Les ONG arguent que l’évaluation du produit est « entachée de nombreuses failles ». « L’enquête Monsanto papers a démontré la « manipulation de données scientifiques, dissimulation d’informations aux autorités, rémunération de spécialistes pour rédiger des tribunes et études scientifiques favorables (ghostwriting), opération de propagande, menaces et intimidation de scientifiques et d’organisations publiques chargées d’étudier le cancer » affirment les signataires de ce courrier adressé à la Première ministre.
Une trentaine d’organisations environnementales ont par ailleurs recueilli plus de 500.000 signatures dans une pétition exigeant que la France s’oppose « publiquement au renouvellement de l’autorisation de ce pesticide toxique en Europe ».

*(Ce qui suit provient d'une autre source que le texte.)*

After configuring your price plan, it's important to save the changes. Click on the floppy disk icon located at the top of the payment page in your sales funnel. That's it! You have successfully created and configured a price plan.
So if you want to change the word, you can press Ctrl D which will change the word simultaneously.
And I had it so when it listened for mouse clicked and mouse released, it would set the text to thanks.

Emmanuel Macron s’était engagé en 2017 à sortir du glyphosate en France « au plus tard » début 2021, avant de revenir sur cette promesse. Des organisations agricoles s’opposent à cette interdiction, estimant que le désherbant reste largement incontournable, notamment pour faire place nette à une nouvelle culture sans labourer (la pratique, millénaire, relâche du carbone et altère la fertilité des sols). C’est pourquoi, le glyphosate est l’herbicide le plus répandu au monde. Plus de 826 000 tonnes sont épandues chaque année dans les sols, un chiffre en augmentation fulgurante : en 1995 douze fois moins de glyphosate a été utilisé par les agriculteurs. Ces derniers en sont devenus addicts et avancent que leur suppression représenterait un manque à gagner de près de 2 milliards d’euros selon une étude menée par IPSOS en 2017.

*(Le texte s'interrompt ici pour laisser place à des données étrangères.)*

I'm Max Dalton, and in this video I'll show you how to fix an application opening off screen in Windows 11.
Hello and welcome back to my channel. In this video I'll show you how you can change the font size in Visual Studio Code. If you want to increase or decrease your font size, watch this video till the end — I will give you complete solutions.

L’Europe est loin d’être la seule région du monde où l’usage du glyphosate fait débat. Au-delà des procès intentés par des particuliers, des juridictions s’attaquent à Bayer : il y a quelques semaines, le groupe allemand a accepté de verser environ sept millions de dollars à l’État de New York pour mettre fin à des poursuites l’accusant d’avoir trompé les consommateurs, en présentant l’herbicide Roundup comme un produit sans danger.

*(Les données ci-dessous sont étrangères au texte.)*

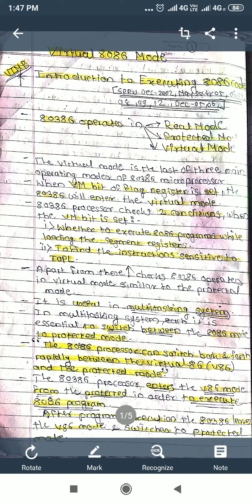Hello friends, our today's topic is Virtual 8086 Mode. We are going to discuss the introduction to execute 8086 mode. This is a very important topic from an exam point of view. In our last video, we have seen that the 80386 processor operates in three different modes: real mode, protected mode, and virtual mode.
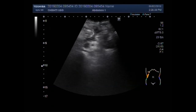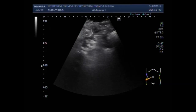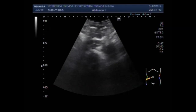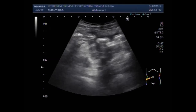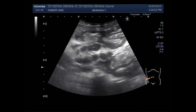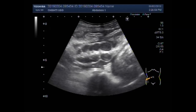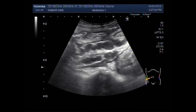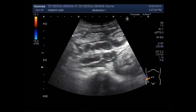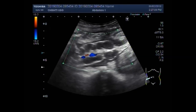Now you can see the fluid in between the gut loops in the middle portion of the abdominal cavity. The fluid is seen along with some prominent lymph nodes. These are the mesenteric lymph nodes.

Les États membres de l’Union européenne vont décider du sort du glyphosate d’ici la fin de l’année. L’enjeu est énorme et porte sur une ré-autorisation (ou non) pour 15 ans. Plusieurs ONG environnementales appellent d’ores et déjà la France à défendre l’interdiction du glyphosate en Europe en 2023. Pour ces organisations de la société civile : « Compte-tenu des risques largement documentés pour l’environnement et la santé humaine, il est plus qu’urgent d’appliquer le principe de précaution inscrit dans les textes européens et la Constitution française pour en finir avec le glyphosate et amorcer enfin une vraie transition agricole et alimentaire ».